Every council in England is required to calculate a number: how many homes it needs to plan for each year. That number is produced by a formula called the standard method. It determines whether a council can refuse a planning application, whether a Local Plan will pass examination, whether developers can build on sites the community never chose. If you care about what gets built near where you live, this is the number that matters.
The old formula.
The previous standard method, introduced in 2018 and revised in 2023, worked in four steps. Step one took the ONS 2014-based household projections and calculated annual household growth. Step two applied an affordability adjustment: for every 1% the house-price-to-earnings ratio exceeded 4, the baseline rose by 0.25%, capped at a 40% increase. Step three applied a further cap linked to the adopted Local Plan requirement. Step four added a 35% uplift for the 20 largest cities.
Under the December 2023 NPPF, this calculation was described as an "advisory starting point." Councils could depart from it. Protected landscapes, flood risk, infrastructure constraints: all were legitimate reasons to argue for a lower figure.
The national total came to roughly 305,000 homes per year.
The new formula.
On 12 December 2024, the government replaced all of that.
Step one now takes 0.8% of the existing housing stock, as recorded in MHCLG's dwelling stock estimates. Not projected household growth. Not how many new households are expected to form. Just the current stock, multiplied by 0.008. A district with 46,213 dwellings gets a baseline of 370.

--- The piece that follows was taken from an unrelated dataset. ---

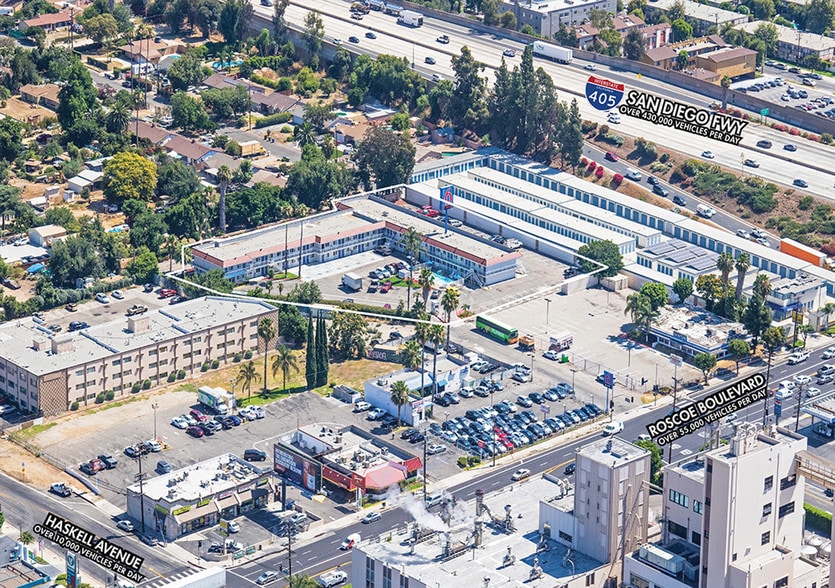 15701 Roscoe Blvd, North Hills, CA for sale - Primary Photo - Image 2 of 6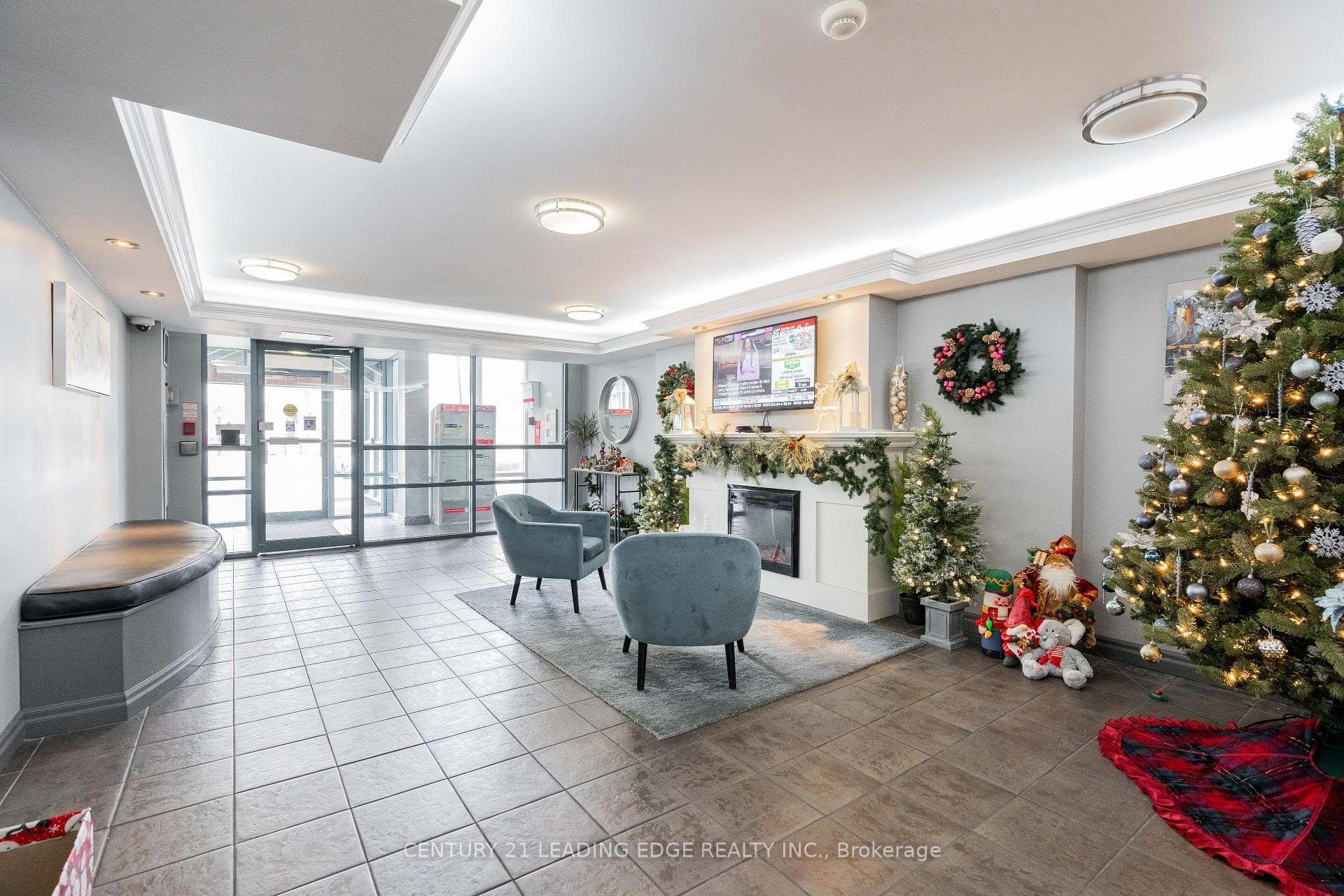 1625 Pickering Parkway Unit 909 photo 4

Step two applies an affordability adjustment using the five-year average ratio of median house prices to median workplace-based earnings. The formula is:
Adjustment factor = ((average affordability ratio − 5) / 5) × 0.95 + 1
The final target is: baseline × adjustment factor.
That 0.95 replaced the old 0.25. Nearly four times more aggressive. An area that previously received a 30% uplift now receives roughly 72%.

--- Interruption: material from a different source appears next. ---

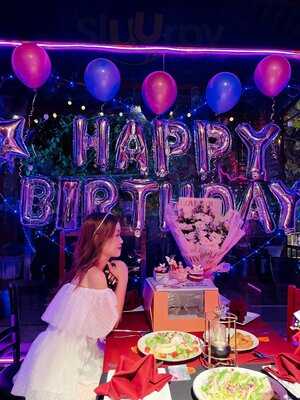 Ơ Bistro Nguyễn Gia Trí - Steak & Wine, Pizza & Beer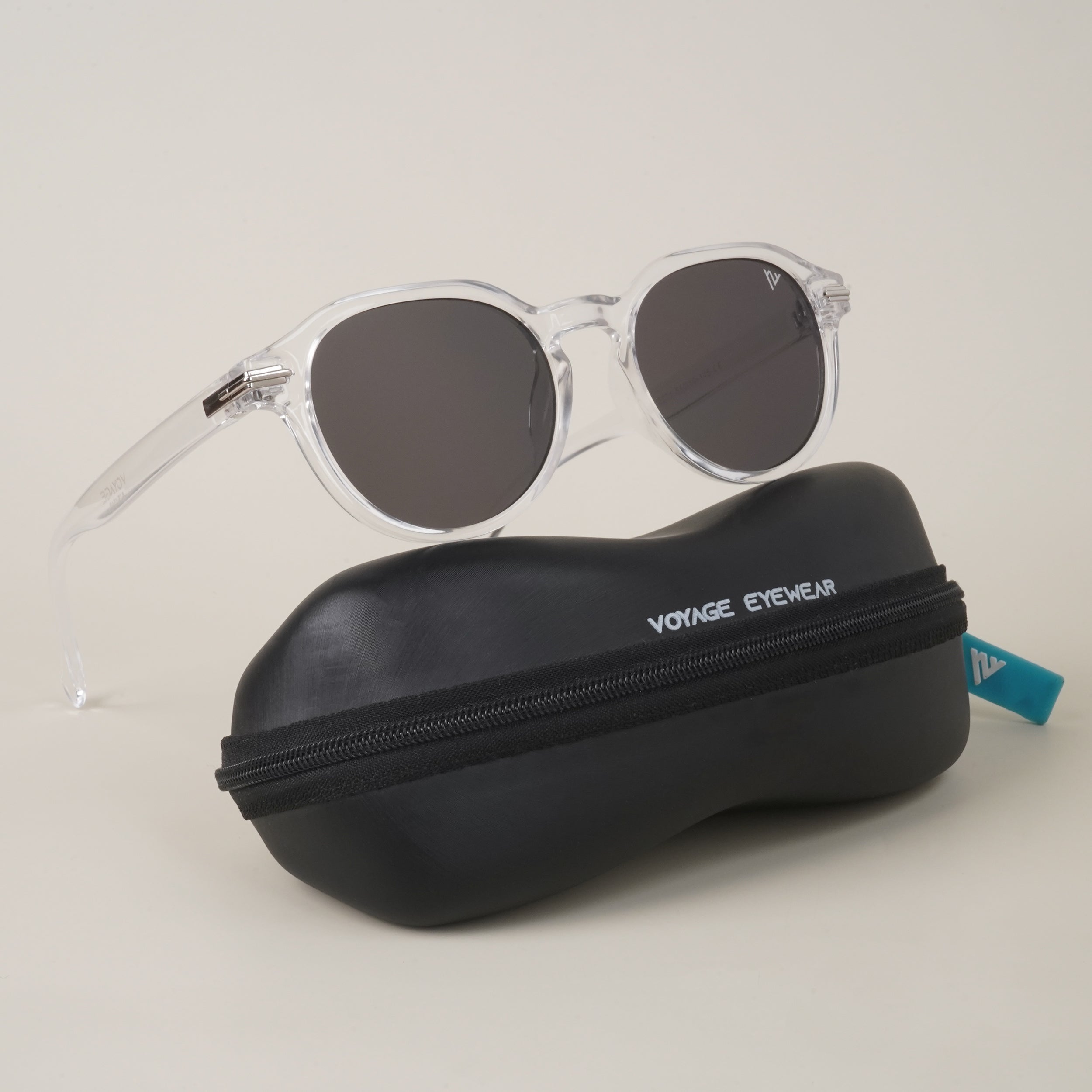 Voyage Black Round Sunglasses - MG3755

Three other things changed at the same time. The 40% cap on the affordability adjustment was removed entirely, meaning there is no upper limit on how much the formula can inflate a target. The 35% urban uplift for the 20 largest cities was scrapped, shifting pressure from cities to rural and suburban areas. London's figure fell from 99,800 to 88,000. And the formula was made mandatory. The "advisory starting point" language is gone. So is the exceptional circumstances clause. A council can no longer argue that its National Landscape or National Park or flood plain justifies a lower number.
The national total rose to approximately 371,000 homes per year. A 21% increase.
The December 2025 draft NPPF, which was consulted on until March 2026, proposes reintroducing a cap at 4.0 times the baseline and embedding the formula directly into the framework itself rather than in separate planning guidance. The government's response has not yet been published. The finalised NPPF is expected by summer 2026, most likely July based on the timeline of previous consultations.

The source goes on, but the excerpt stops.